4.  Legal Proceedings

    On May 19, 1995 final approval was given by the Court to a settlement
    agreement relating to the tender offer litigation.  As required by the
    terms of the settlement agreement, DeForest Ventures I L.P. ("DeForest")
    commenced a second tender offer (the "Second Tender Offer") on June 2,
    1995 for units of limited partnership in the Partnership.  Pursuant to the
    Second Tender Offer, DeForest acquired an additional 2,188 limited
    partnership units of the Partnership.
    


                                     6 of 14


             CENTURY PROPERTIES FUND XIV - FORM 10-Q - JUNE 30, 1995
                                  
                   NOTES TO CONSOLIDATED FINANCIAL STATEMENTS
                                  
                                  

5.  Subsequent Events and Provision for Loss

    (a)  In June 1995, the Partnership contracted to sell its Greenbriar Plaza
         Shopping Center property for $1,050,000.  If the sale is consummated,
         the Partnership expects to receive net proceeds of approximately
         $900,000.  For financial statement purposes, the Partnership has
         recorded a $605,000 provision for loss on sale of the property during
         the period ended June 30, 1995.  The sale is expected to close during
         the third quarter of 1995.

    (b)  In June 1995, the Partnership contracted to sell its Duck Creek
         Shopping Center property for $2,250,000.  The sale is contingent upon
         the buyers completion of its environmental review.  If the sale is
         consummated, the Partnership expects to receive net proceeds of
         approximately $2,100,000.  For financial statement purposes, the
         Partnership would recognize a gain on the sale.  The sale is expected
         to close during the fourth quarter of 1995.




                                   7 of 14


           CENTURY PROPERTIES FUND XIV - FORM 10-Q - JUNE 30, 1995
                                  
Item 2.  Management's Discussion and Analysis of
         Financial Condition and Results of Operations.

This item should be read in conjunction with the Consolidated Financial
Statements and other Items contained elsewhere in this Report.

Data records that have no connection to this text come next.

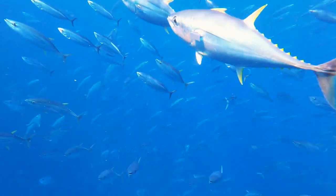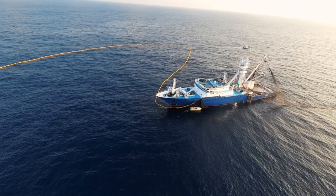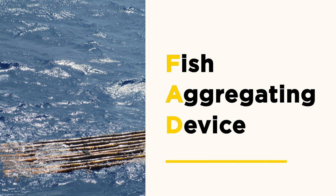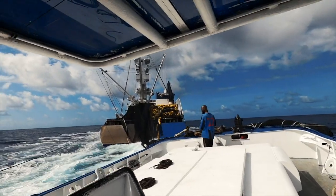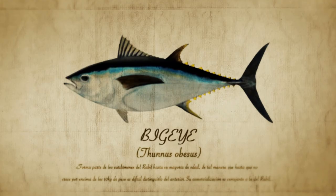Approximately 5 million tons of tuna are caught annually worldwide. More than half is caught by purse seiners, fishing both on free-swimming schools and using fish aggregating devices, or FADs. Catches come mainly from healthy stocks, with skipjack tuna being the main species, followed by yellowfin and bigeye.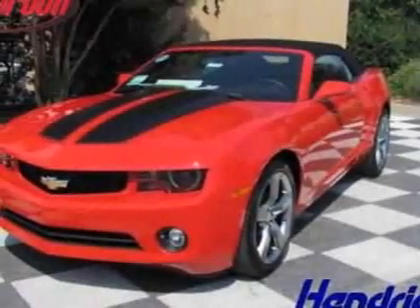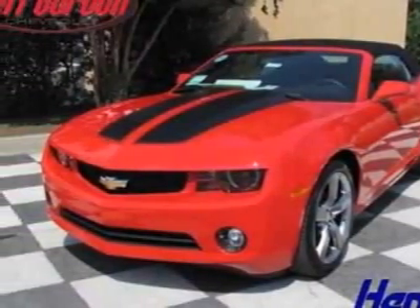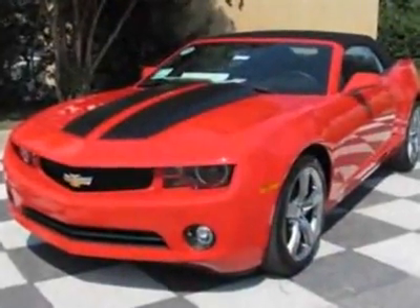Take a look at this new 2012 Chevrolet Camaro. For your protection, this vehicle has a full factory warranty.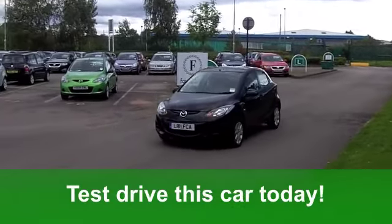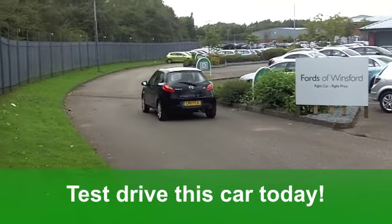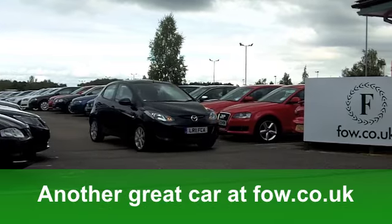You could be driving this. Fancy a test drive? No problem. Why not ring and reserve with no obligation. It's another great car at Fords of Winsford.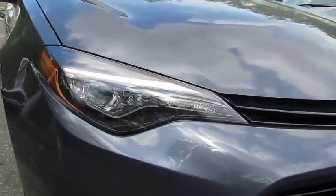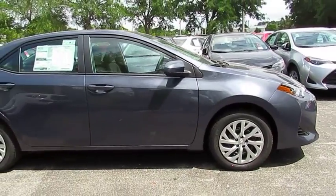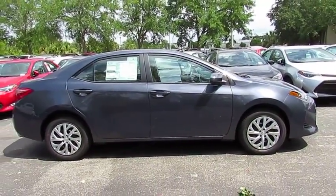The 2018 Corolla. The Corolla is still a great option for those who want dependability, comfort, and value. Here are some of this vehicle's great options.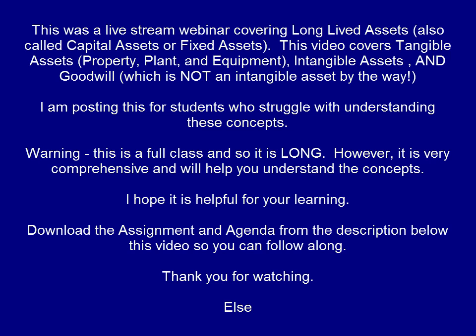Good evening. Thank you so much for joining me everyone. Today we're doing capital assets: property, plant, and equipment, intangibles, and goodwill. These are so important. If you look at financial statements such as any merchandiser — like Walmart or Amazon — you'll realize that their long-lived assets are unbelievably large in comparison to their other assets.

Liquidity and Capital Resources

Registrant's real estate properties consist of seven commercial properties
located in Texas, California and Montana and three residential apartment
complexes located in Nevada and Arizona.  The properties are leased to tenants
subject to leases with original lease terms ranging from six months to one
year for residential properties and with remaining lease terms of up to twenty
years for commercial properties.  Registrant receives rental income from its
properties and is responsible for operating expenses, administrative expenses,
capital improvements and debt service payments.  As of August 1, 1995, nine of
the nineteen properties originally purchased by Registrant were sold or
otherwise disposed.  Registrant anticipates marketing selected properties for
sale during 1995.

All of Registrant's properties, except St. Charleston Village and Torrey
Pines, generated positive cash flow for the six months ended June 30, 1995. 
The cash flow deficits at Registrant's St. Charleston Village and Torrey Pines
properties were attributable to significant capital improvements incurred
during the six months ended June 30, 1995.  As described in Item 1, Note 5,
Registrant has contracted to sell its Greenbriar Plaza Shopping Center and
Duck Creek Shopping Center properties.  If the sales are consummated,
Registrant would receive net proceeds of approximately $900,000 and

$2,100,000, respectively.  In April 1995, Registrant reached a settlement with
the City of Bozeman in the amount of $250,000 in connection with a right of
way agreement pertaining to the condemnation of part of the property at the
Partnership's University Square Shopping Center property.  The condemnation
will enable the City of Bozeman and State of Montana to undertake substantial
road improvements.  The condemnation will not affect any of the structures at
the property, nor does MGP believe it will adversely affect the property.  An
additional parcel of land was acquired in the settlement and will enable the
Partnership to develop an out parcel with separate access to the shopping
center.  Registrant will, however, be required to construct new access roads
to the property and to move its shopping center sign at a cost of
approximately $100,000.  In May 1995, Registrant accepted a release of the
assignor's guarantee from a vacating tenant at Registrant's The Oaks Shopping
Center property.  In July 1995, the vacant space was re-leased for a ten year
period at the same terms and conditions as the previous tenant.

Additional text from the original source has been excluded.